"Le fou du roi" de Mahi Binebine



Dans son dernier roman, Le fou du roi, édition le Fennec, Mahi Binebine nous met dans la peau de son père, c’est lui-même le narrateur. Son métier: faire rire le roi.
On le vit, on le voit, «le fou du roi» est un homme fou amoureux de son monarque.
Il est prêt à donner sa peau pour le bien- être de son maître. Tragédie: son fils aîné, lui, croule dans les geôles de Tazmamart pour avoir participé à un putsch contre ce même roi tant chéri. C’est dans ce monde cornélien, dans les entrailles mystérieuses de cette cour où anges et démons cohabitent étroitement autant que la vie et la mort, le succès et la disgrâce, que Binebine réussit à nous introduire dessinant les portraits de ses personnages avec profondeur et minutie, donnant à voir la mathématique mentale et spirituelle qui fait agir chacun.

On comprend le père qui a renié publiquement son fils, on comprend le bourreau autant que la victime, le tyran autant que le tyrannisé... Nous sommes toujours à la limite des extrêmes, le tout sans qu’aucun jugement ne soit porté sur aucune partie que ce soit par l’écrivain. On reconnaît là le style de Mahi Binebine déjà rencontré dans son roman Les étoiles de Sidi Moumen, qui a fait objet d’une adaptation au cinéma par Nabil Ayouch et où il était question du parcours des kamikazes des attentats du 16 mai 2003, à Casablanca.
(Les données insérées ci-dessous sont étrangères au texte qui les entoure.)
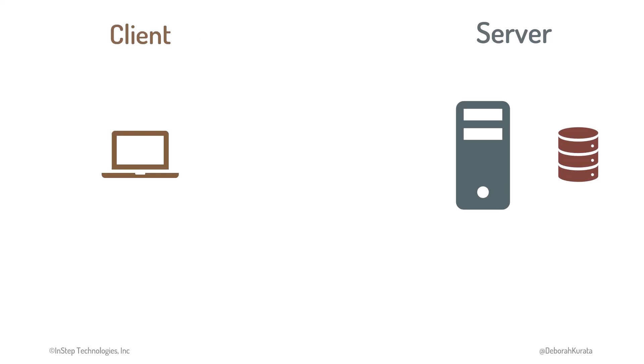The computer on the left is the user's computer, called the client. On the right is the external computer, called the server, as it will provide a service for us. This server communicates with the database to get us the data we requested and to save back any changes or additions to that data.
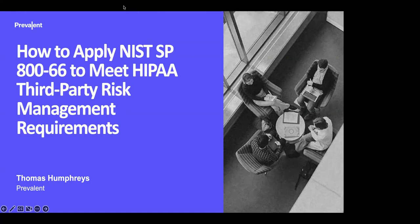Good afternoon, good morning and good evening, everyone. Thank you for joining us for today's webinar on how to apply NIST SP 866 to meet HIPAA third-party risk management requirements. It's a bit of a mouthful, but we'll be breaking it down throughout the course of the next hour.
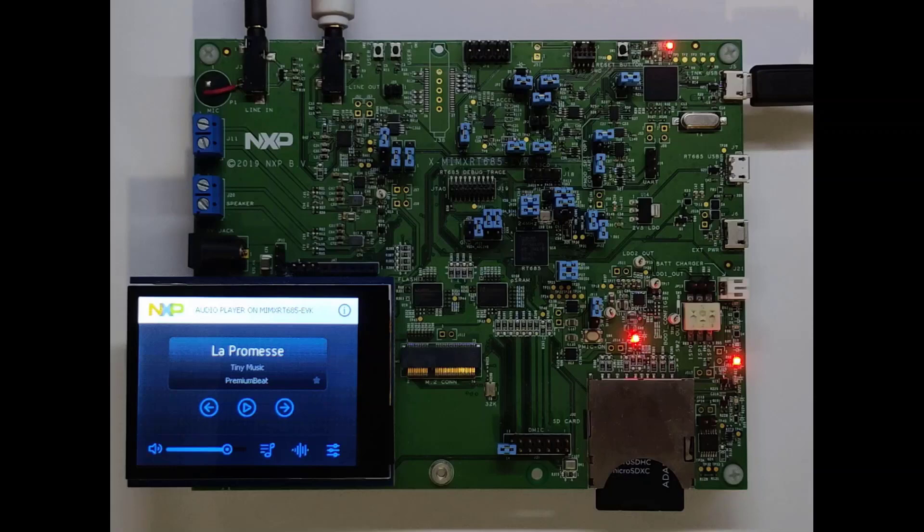Hi, in this video we are going to show you the voice-controlled audio player demo in the RT600.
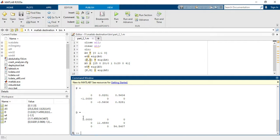I hope you understand all these things. This is the diagonal matrix of eigenvalues. Thank you so much for watching.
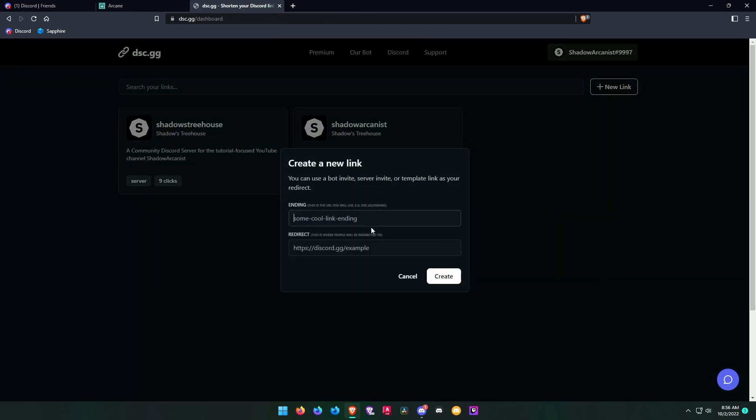Click a new link and type the words you want the link to look like, and in the second box paste your Discord permanent invite link.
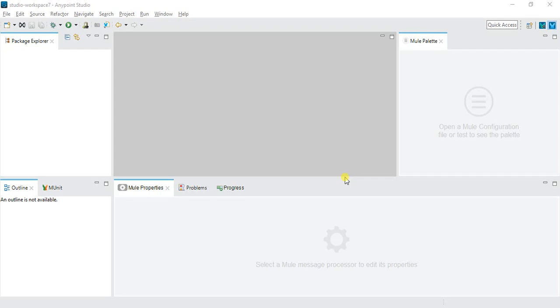Hi, welcome to the Mule 4 tutorial. This is Akash. In this video we'll discuss the installation of the Mule Studio, that is Studio 7, and we're going to work with Mule 4. After 3.9, MuleSoft released the versions for Mule 4, which has many different capabilities that are very useful.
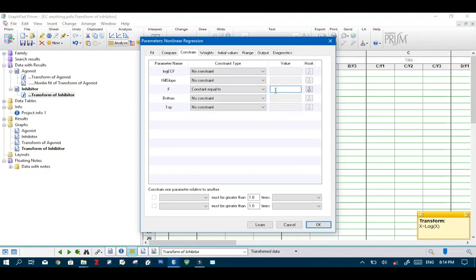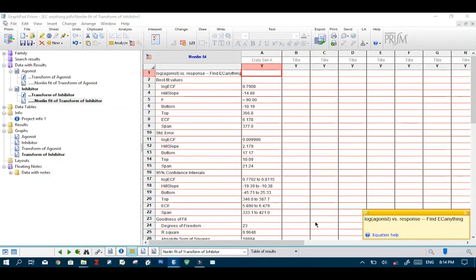So then now for this example we want to find let's say IC 90. So we'll enter 90.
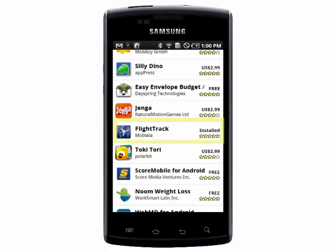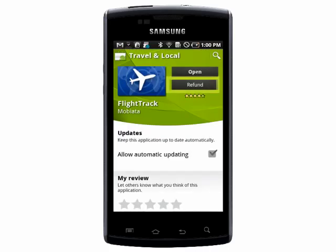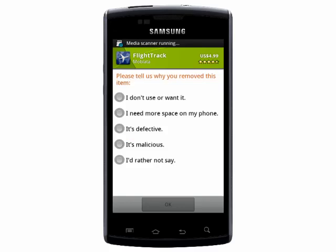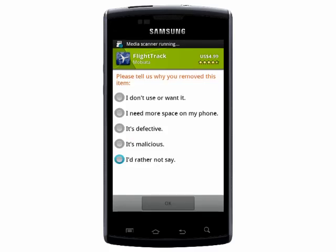To get a refund, I can simply go back to the app, tap on refund, and it will uninstall and issue your refund, and then ask why you want to uninstall it.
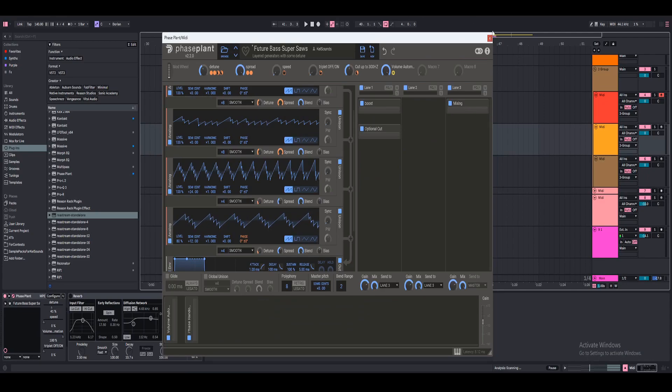Hello everyone, my name is Kelsounds, and today I want to show you how to make FutureBase Supercells inside of PhasePlant.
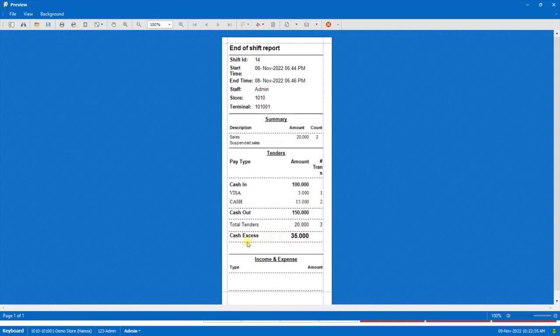As in this example, there is cash in excess but similarly if the cashier has entered the lesser cash out amount, there can be cash shortage also. So this is how we can start a shift, end a shift and see the shift history report.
Dans « Le fou du roi », on suit le parcours de Mohamed ce conteur, érudit, initié à la poésie par Ben Brahim, un homme aux penchants peu orthodoxes qui officiait dans la cour du pacha El Glaoui.

On atterrit au milieu d’une horde de courtisans en concurrence impitoyable parmi lesquels « Lafqih Mohamed » s’est distingué par son esprit habile pour tirer le roi de sa gravité, comme par miracle.

Le fou vous soutire des éclats si ce n’est des fous rires dès les premières pages de ce roman en grande partie autobiographique et ponctué par des allusions à des faits ou anecdotes en lien avec l’Histoire du pays : la marche verte, visite d’Oum Kalthoum, occupation, années de plomb, la maladie du roi…

Binebine nous livre une vision de l’intimité du palais où il arrive à certains moments que le sceptre du pouvoir se confond entre le roi et le bouffon.

Une vision certes romancée, mais qui témoigne d’une époque, d’un style de règne, celui d’un roi qui aime la compagnie des artistes. « Ces êtres à part, sensibles, d’apparence joyeuse mais soufrant d’un mal-être ancestral, ils sont d’une susceptibilité maladive, dominé par un ego démesuré, ils sont forts et fragiles à la fois. Mais vois-tu, je ne me suis jamais aussi bien senti qu’en leur compagnie », dit le roi dans l’une des dernières pages du livre. Au final, on peut considérer cet ouvrage comme un hommage de Mahi Binebine à la figure du père : ce père, ce conteur dont l’écrivain est l'héritier, puis le père de la Nation, le roi, et enfin ses pairs, ces artistes si inspirants.